─── Records provided ───

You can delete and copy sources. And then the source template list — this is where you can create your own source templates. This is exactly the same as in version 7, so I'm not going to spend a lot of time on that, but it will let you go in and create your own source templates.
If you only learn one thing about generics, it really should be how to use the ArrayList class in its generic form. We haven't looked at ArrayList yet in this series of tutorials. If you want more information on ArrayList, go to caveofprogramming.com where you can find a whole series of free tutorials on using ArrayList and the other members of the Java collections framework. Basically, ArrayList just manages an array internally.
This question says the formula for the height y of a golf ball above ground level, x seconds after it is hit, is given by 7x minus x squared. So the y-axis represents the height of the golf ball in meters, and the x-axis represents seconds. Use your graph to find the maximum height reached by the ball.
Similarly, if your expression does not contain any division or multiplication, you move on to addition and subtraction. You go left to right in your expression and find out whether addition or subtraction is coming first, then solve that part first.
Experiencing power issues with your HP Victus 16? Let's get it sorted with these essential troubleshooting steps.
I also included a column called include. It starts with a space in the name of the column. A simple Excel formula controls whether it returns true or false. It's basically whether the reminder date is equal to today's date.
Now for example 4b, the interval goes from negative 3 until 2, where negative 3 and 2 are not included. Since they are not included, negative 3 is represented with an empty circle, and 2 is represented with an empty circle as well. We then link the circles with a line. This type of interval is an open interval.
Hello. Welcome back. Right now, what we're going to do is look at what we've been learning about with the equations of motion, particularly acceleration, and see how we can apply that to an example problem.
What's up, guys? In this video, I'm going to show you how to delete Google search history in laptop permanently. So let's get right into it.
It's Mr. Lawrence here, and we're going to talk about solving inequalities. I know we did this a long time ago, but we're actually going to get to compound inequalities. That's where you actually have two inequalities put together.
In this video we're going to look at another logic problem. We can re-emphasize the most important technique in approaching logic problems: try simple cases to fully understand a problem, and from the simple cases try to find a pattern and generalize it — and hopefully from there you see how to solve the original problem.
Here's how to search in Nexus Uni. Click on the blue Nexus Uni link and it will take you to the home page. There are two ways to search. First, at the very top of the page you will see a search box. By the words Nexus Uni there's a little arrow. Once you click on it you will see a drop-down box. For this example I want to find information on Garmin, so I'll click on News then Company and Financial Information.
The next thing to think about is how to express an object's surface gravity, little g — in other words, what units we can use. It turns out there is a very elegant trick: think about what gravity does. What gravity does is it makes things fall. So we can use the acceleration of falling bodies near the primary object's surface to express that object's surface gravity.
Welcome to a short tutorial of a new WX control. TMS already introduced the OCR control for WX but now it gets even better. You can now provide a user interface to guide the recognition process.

───

▶ [Assignment]: Print, without alteration, only the lines above between the one holding "Experiencing power issues" and the one holding "I also included", inclusive.

▶ [Result]:
Experiencing power issues with your HP Victus 16? Let's get it sorted with these essential troubleshooting steps.
I also included a column called include. It starts with a space in the name of the column. A simple Excel formula controls whether it returns true or false. It's basically whether the reminder date is equal to today's date.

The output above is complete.